--- Exercise aim ---
A verbatim restatement of the data, free of pictures, is what you should output.

--- Available data ---
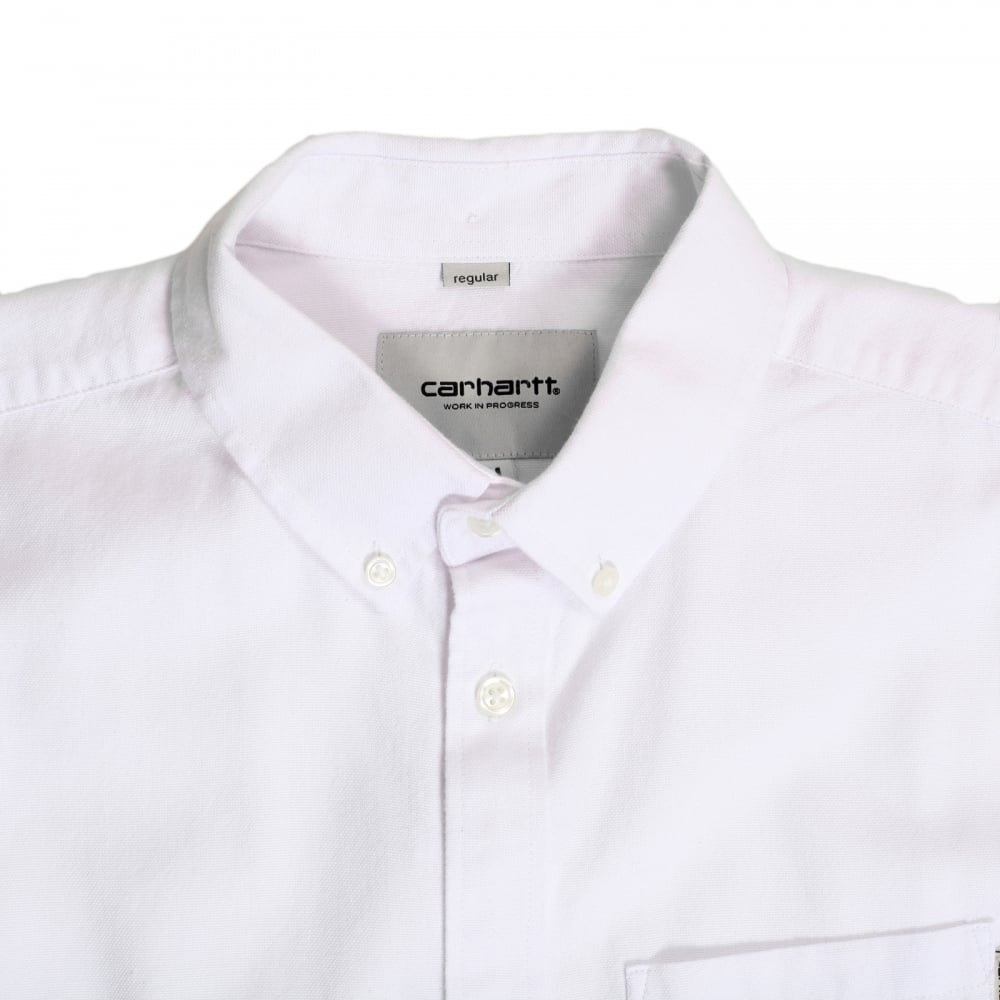 Regular Fit Classic Long Sleeve White Dalton Oxford Flannel Shirt with Soft Button Down Collar by Carhartt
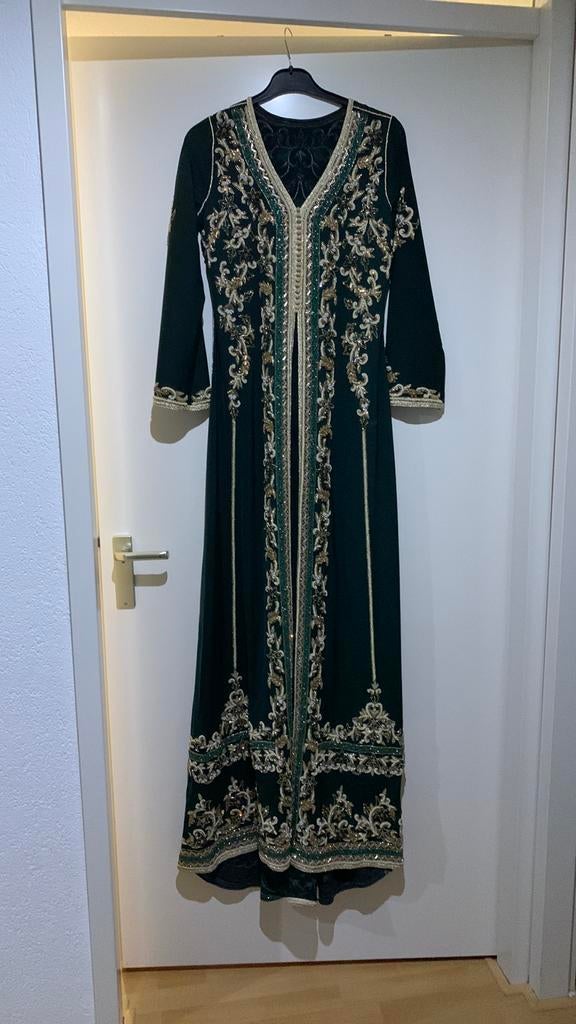 Prachtige hennajurk/abaya/bindalli/gelegenheidsjurk, Ophalen, Zo goed als nieuw, Groen, Galajurk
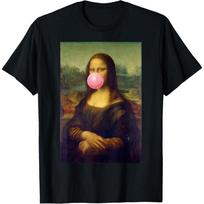 Rožinė kramtomoji guma Mona Liza Pop Art Da Vinči Marškinėliai S juoda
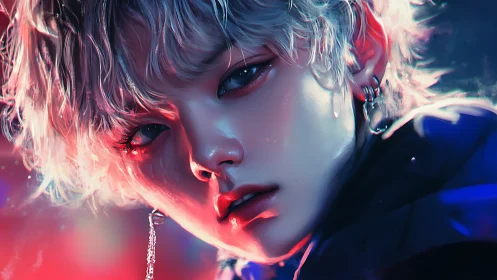 Neon-lit androgynous portrait in hyperreal digital painting.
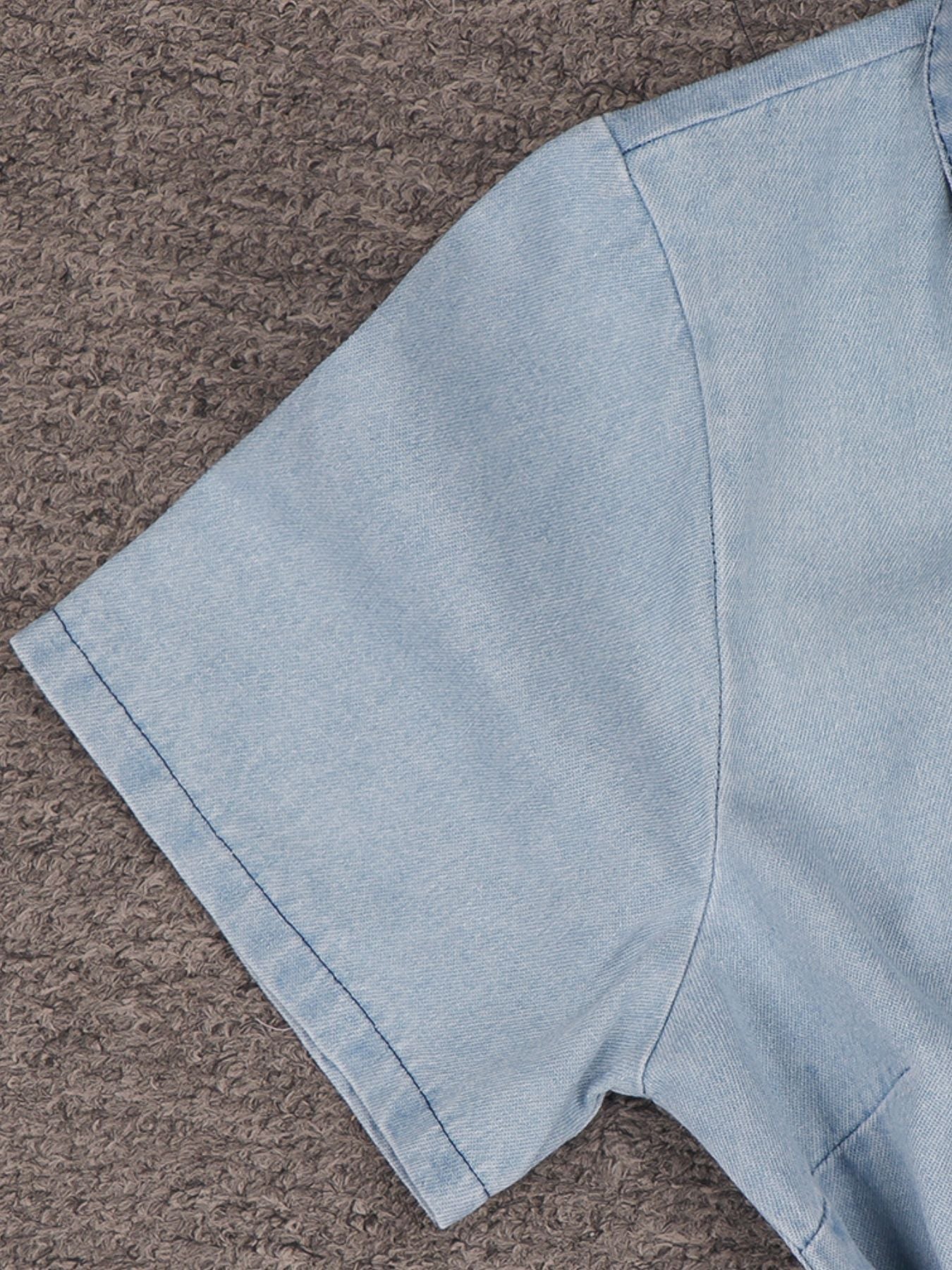 Zip Front Short Sleeve Denim Dress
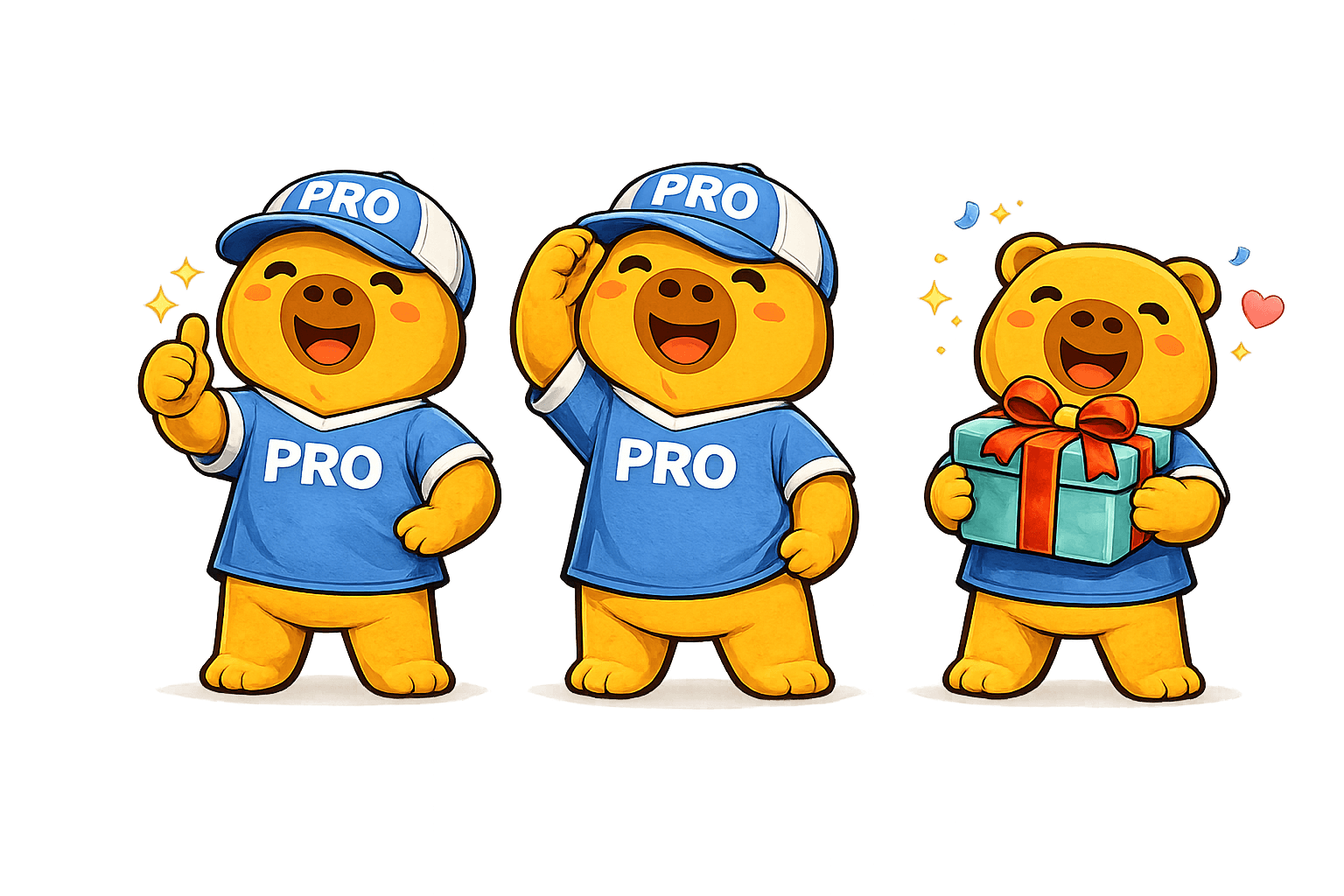 Capybara mascot celebrating Pro access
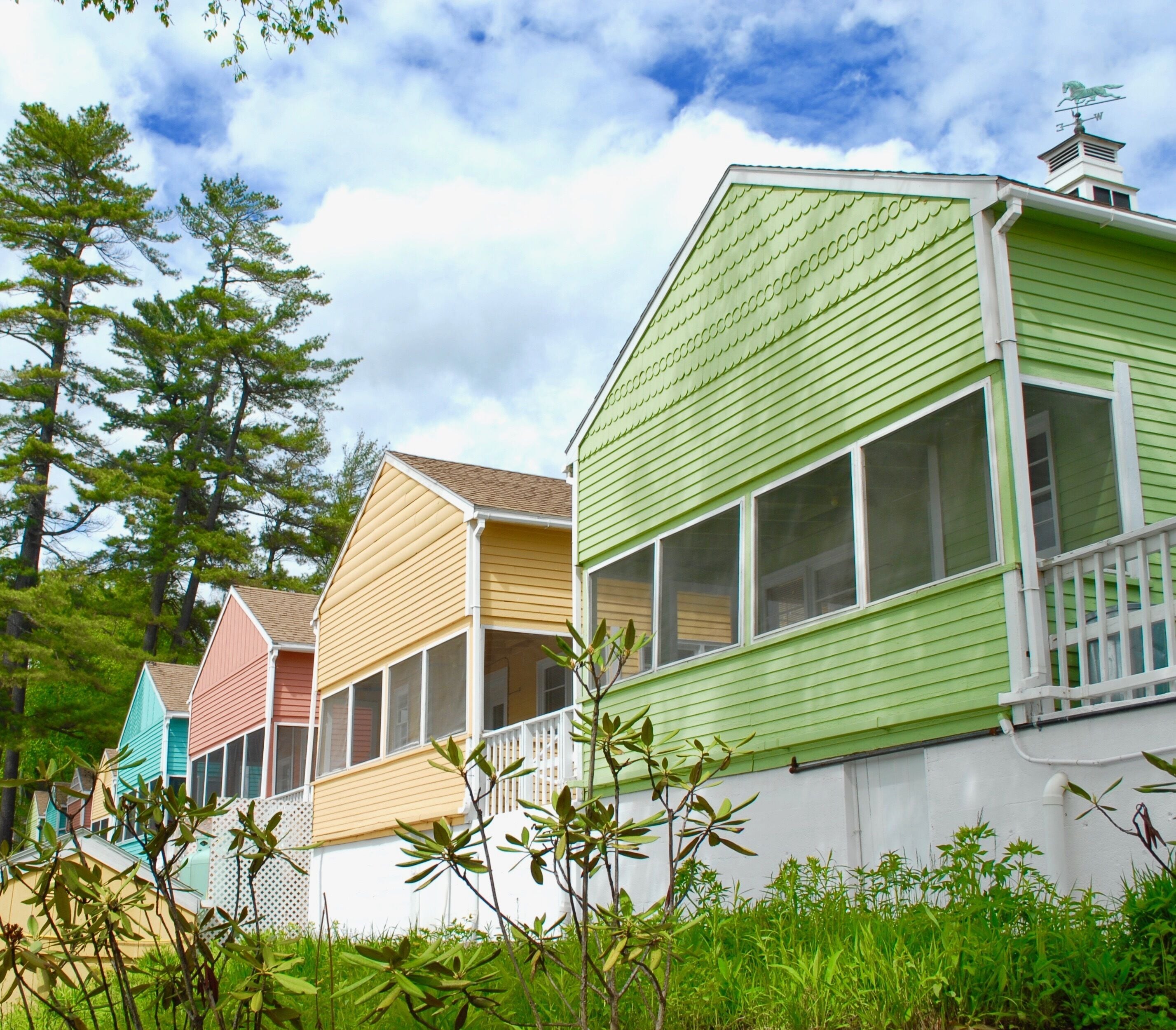 Una hilera de casas móviles coloridas, con una verde al frente, rodeada de árboles y follaje.
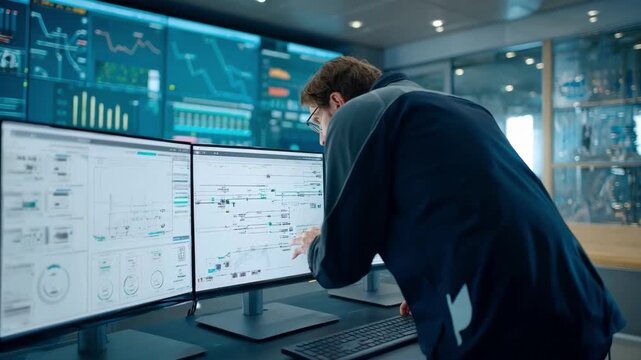 Medium shot of a technician analyzing multiple machine data streams on a cloudbased fleet monitoring dashboard in a bright modern control room.
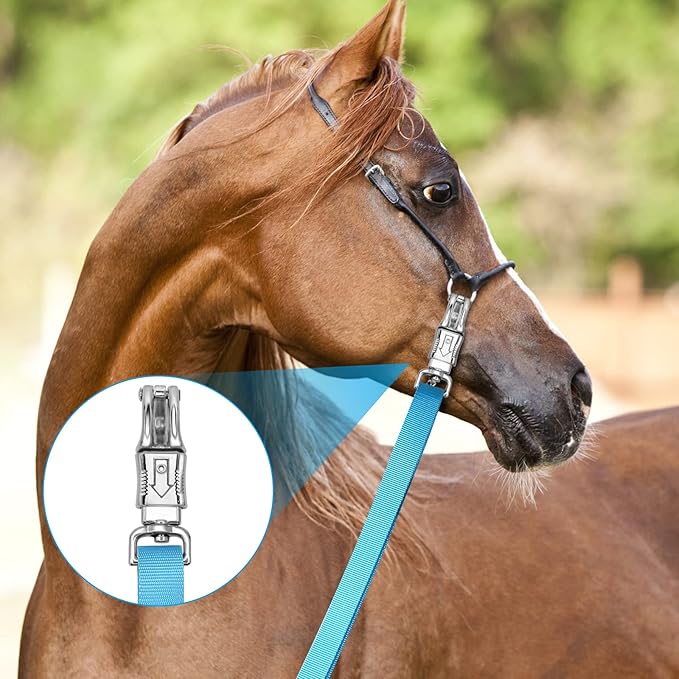 Cross Ties for Horse,Heavy Duty Nylon Trailer Tie with Strong Panic Snap and Bull Snap,Adjustable Length from 45.2" to 78.7",Professional Horse Supplies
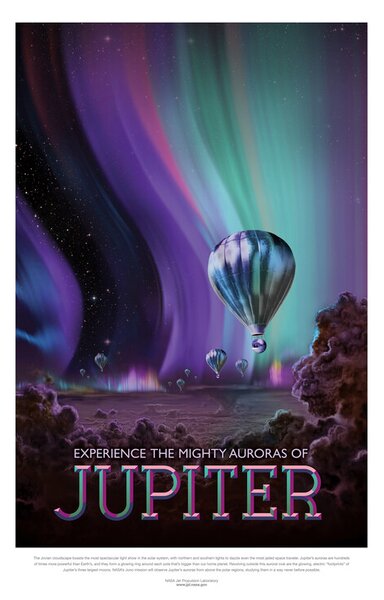 Ilustrácia Jupiter (Retro Planet & Moon Poster) - Space Series (NASA)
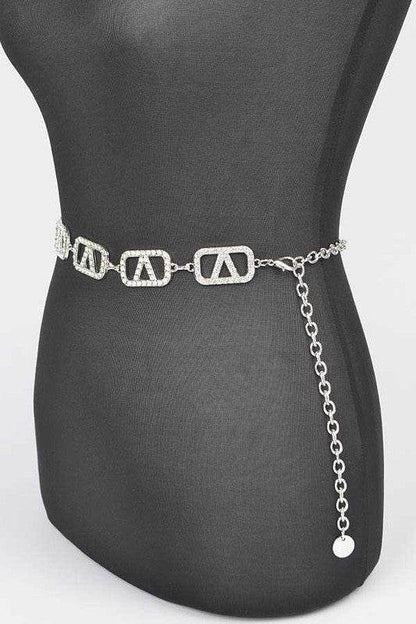 Plus Size Rhinestone Logo Chain Belt
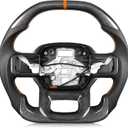 Steering Wheel for F150 Raptor 2021-2024 Real Carbon Fiber Double-D Design Orange Stripe&Stitching with Heated Nappa Preforated Leather Grip Compatible with Raptor with Paddle Shifter Models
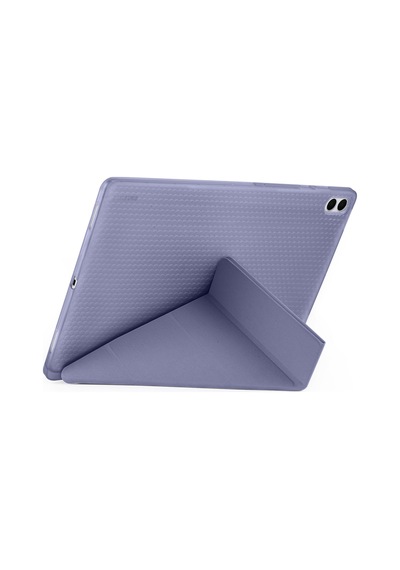 Galaxy Uyumlu  Tab S11 Ultra Kılıf Frm Tri Folding Kalem Bölmeli Standlı Kılıf - Mavi Kapaklı Kılıf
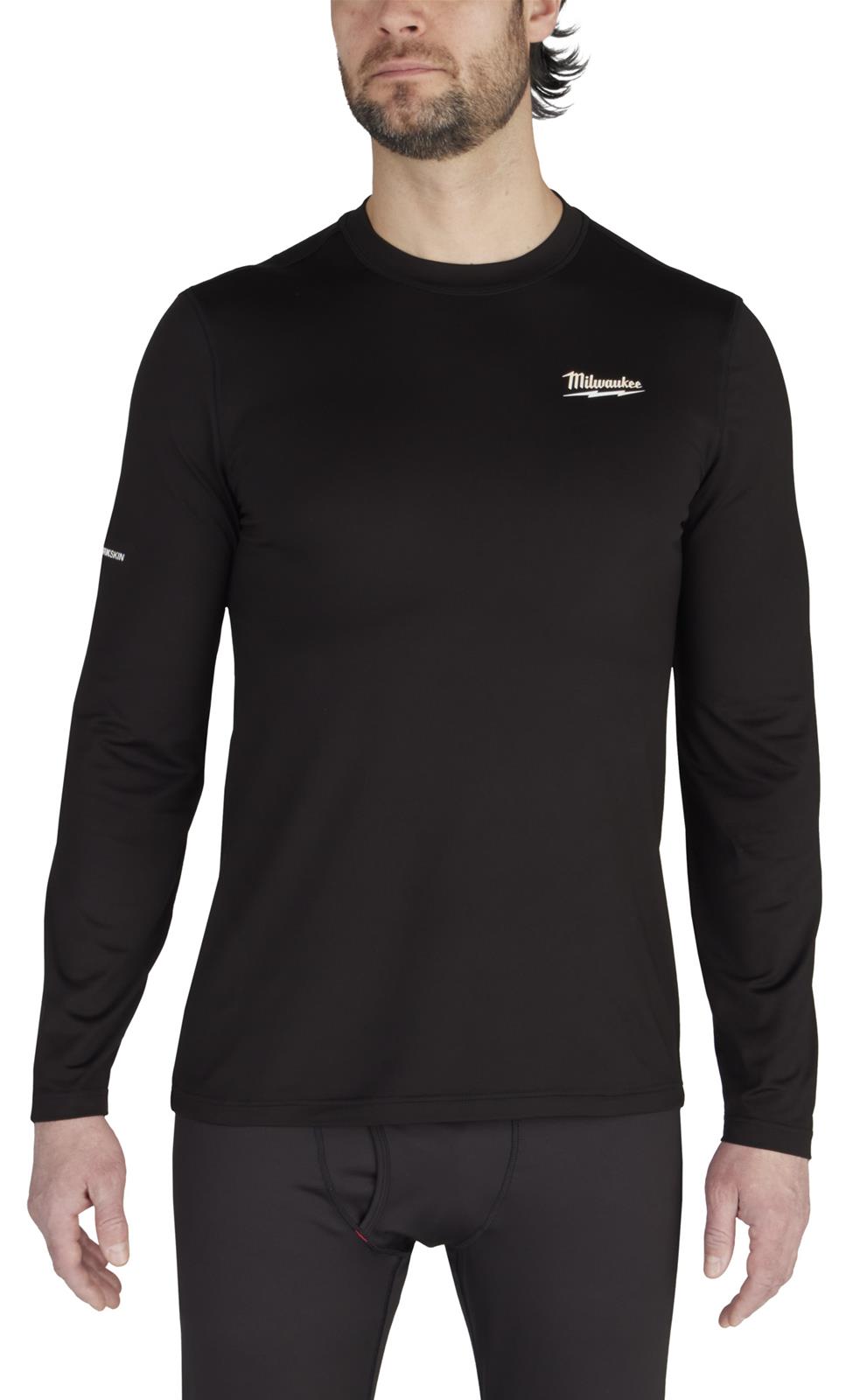 Sous-couche Milwaukee 403B-M WORKSKIN – Homme, Manches Longues, Noir, Taille M, Col Rond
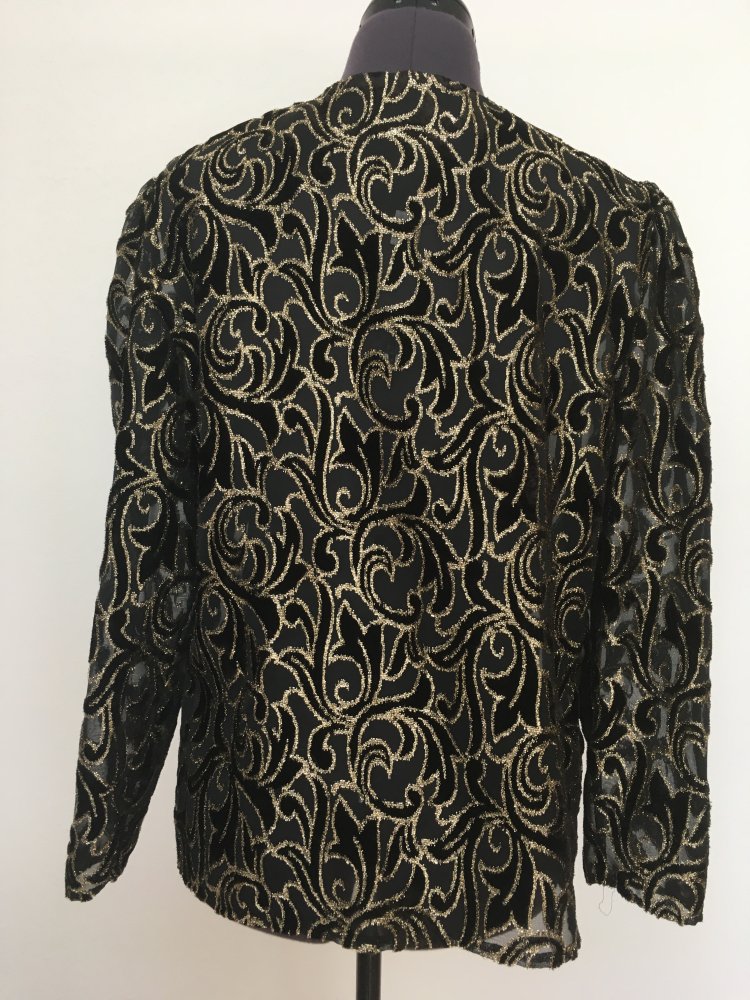 NEU - leichte Jacke aus durchsichtigem Stoff, schwarz gold - Gr. L / 40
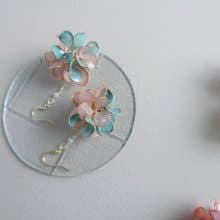 心花開 花球耳環 粉藍綠色-手作水晶花 樹脂飾品 禮物 閨蜜飾品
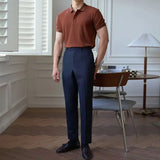  Striped Solid Color Short-sleeved Men's Casual Retro Versatile Lapel Polo Shirt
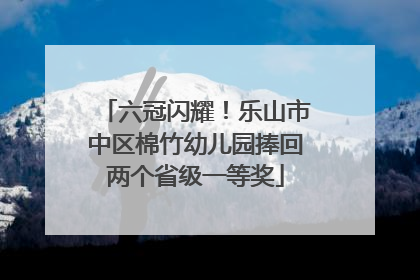 六冠闪耀！乐山市中区棉竹幼儿园捧回两个省级一等奖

--- Your response ---
 Regular Fit Classic Long Sleeve White Dalton Oxford Flannel Shirt with Soft Button Down Collar by Carhartt
 Prachtige hennajurk/abaya/bindalli/gelegenheidsjurk, Ophalen, Zo goed als nieuw, Groen, Galajurk
 Rožinė kramtomoji guma Mona Liza Pop Art Da Vinči Marškinėliai S juoda
 Neon-lit androgynous portrait in hyperreal digital painting.
 Zip Front Short Sleeve Denim Dress
 Capybara mascot celebrating Pro access
 Una hilera de casas móviles coloridas, con una verde al frente, rodeada de árboles y follaje.
 Medium shot of a technician analyzing multiple machine data streams on a cloudbased fleet monitoring dashboard in a bright modern control room.
 Cross Ties for Horse,Heavy Duty Nylon Trailer Tie with Strong Panic Snap and Bull Snap,Adjustable Length from 45.2" to 78.7",Professional Horse Supplies
 Ilustrácia Jupiter (Retro Planet & Moon Poster) - Space Series (NASA)
 Plus Size Rhinestone Logo Chain Belt
 Steering Wheel for F150 Raptor 2021-2024 Real Carbon Fiber Double-D Design Orange Stripe&Stitching with Heated Nappa Preforated Leather Grip Compatible with Raptor with Paddle Shifter Models
 Galaxy Uyumlu  Tab S11 Ultra Kılıf Frm Tri Folding Kalem Bölmeli Standlı Kılıf - Mavi Kapaklı Kılıf
 Sous-couche Milwaukee 403B-M WORKSKIN – Homme, Manches Longues, Noir, Taille M, Col Rond
 NEU - leichte Jacke aus durchsichtigem Stoff, schwarz gold - Gr. L / 40
 心花開 花球耳環 粉藍綠色-手作水晶花 樹脂飾品 禮物 閨蜜飾品
  Striped Solid Color Short-sleeved Men's Casual Retro Versatile Lapel Polo Shirt
 六冠闪耀！乐山市中区棉竹幼儿园捧回两个省级一等奖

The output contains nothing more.